Core Security Principles

  1. Zero Trust by Default: No action is taken without explicit authorization
  2. Defense in Depth: Multiple security layers that work independently
  3. Audit Trail: All actions are logged with user attribution
  4. Fail Secure: Any security failure results in no action taken
  5. Real-time Validation: Continuous security checks during execution

Security Features

1. Multi-Layer Security Implementation

Our agents implement defense-in-depth with multiple security layers:

Workflow-Level Security (First Layer)

  • GitHub Actions if conditions prevent workflows from running for unauthorized users
  • Fail-fast security checks terminate workflows immediately for unauthorized access
  • Minimal GITHUB_TOKEN permissions following principle of least privilege

Application-Level Security (Second Layer)

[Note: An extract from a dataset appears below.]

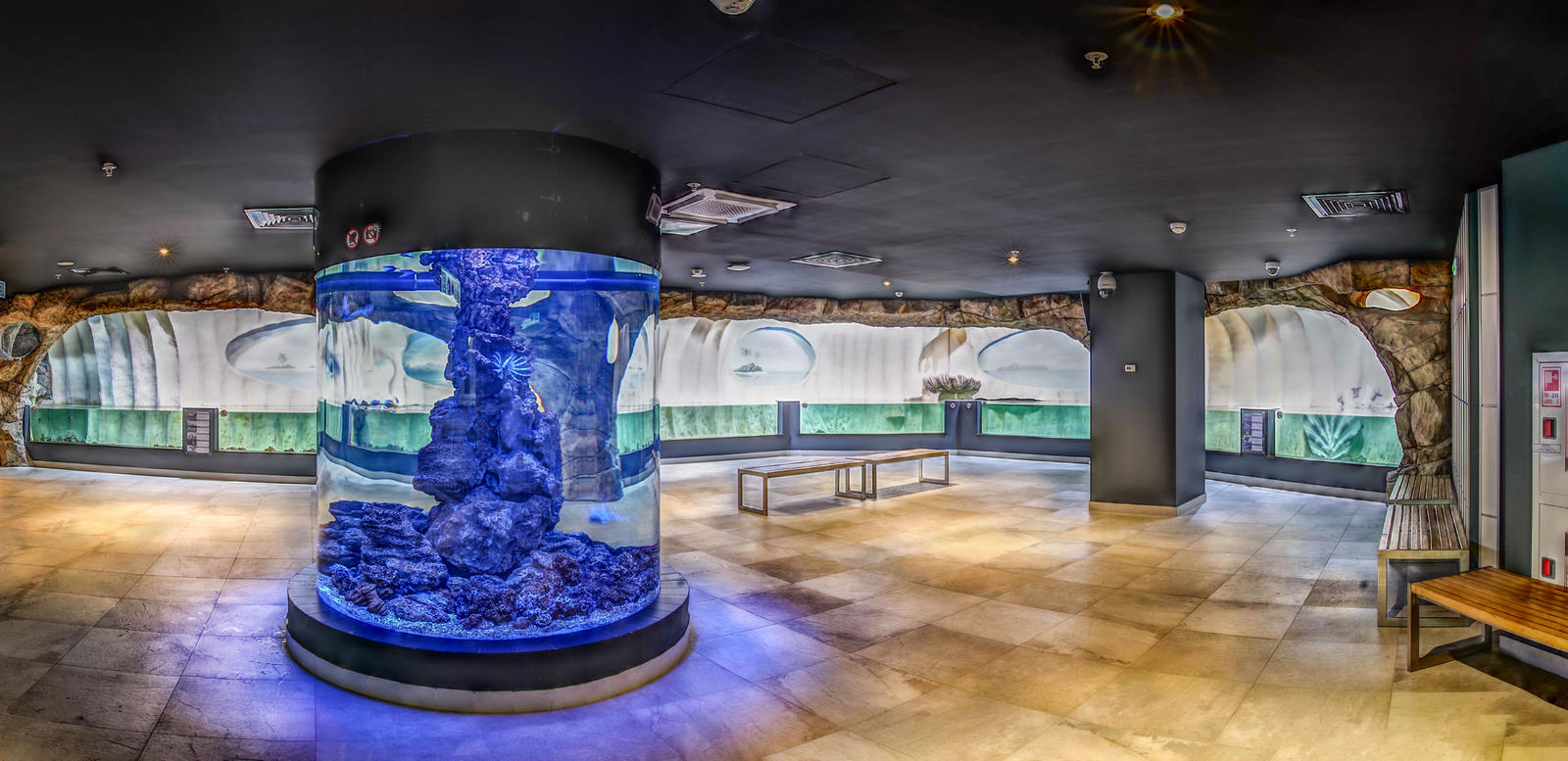 “Литораль”（“海岸带”）水族箱水陆箱丨俄罗斯丨Аква Лого Инжиниринг-7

  • Allow List Based Authorization: Only specific GitHub usernames can trigger agent actions
  • Rate Limiting: Prevents abuse with configurable request limits per user
  • Repository Validation: Restricts agents to specific repositories
  • Comprehensive Security Checks: All layers validated before any action

2. Agent Admins

The agent admins list is configured in .agents.yaml under the security.agent_admins field. Only these users can trigger agent actions via [Action][Agent] keywords. The repository owner (extracted from GITHUB_REPOSITORY environment variable) is always included automatically.

Agent Admin Capabilities

Agent admins have the following special capabilities:

  1. Trigger Agent Actions: Use [Action][Agent] keywords to invoke agents
  2. Extend Iteration Limits: Use [CONTINUE] to allow more agent iterations (see below)
  3. Authoritative Comments: Their comments are treated as authoritative in review contexts

3. Agent Iteration Limits and Continue

To prevent infinite loops where agents repeatedly try to fix the same issues, the system tracks iteration counts based on PR comments. Each agent type has its own independent counter.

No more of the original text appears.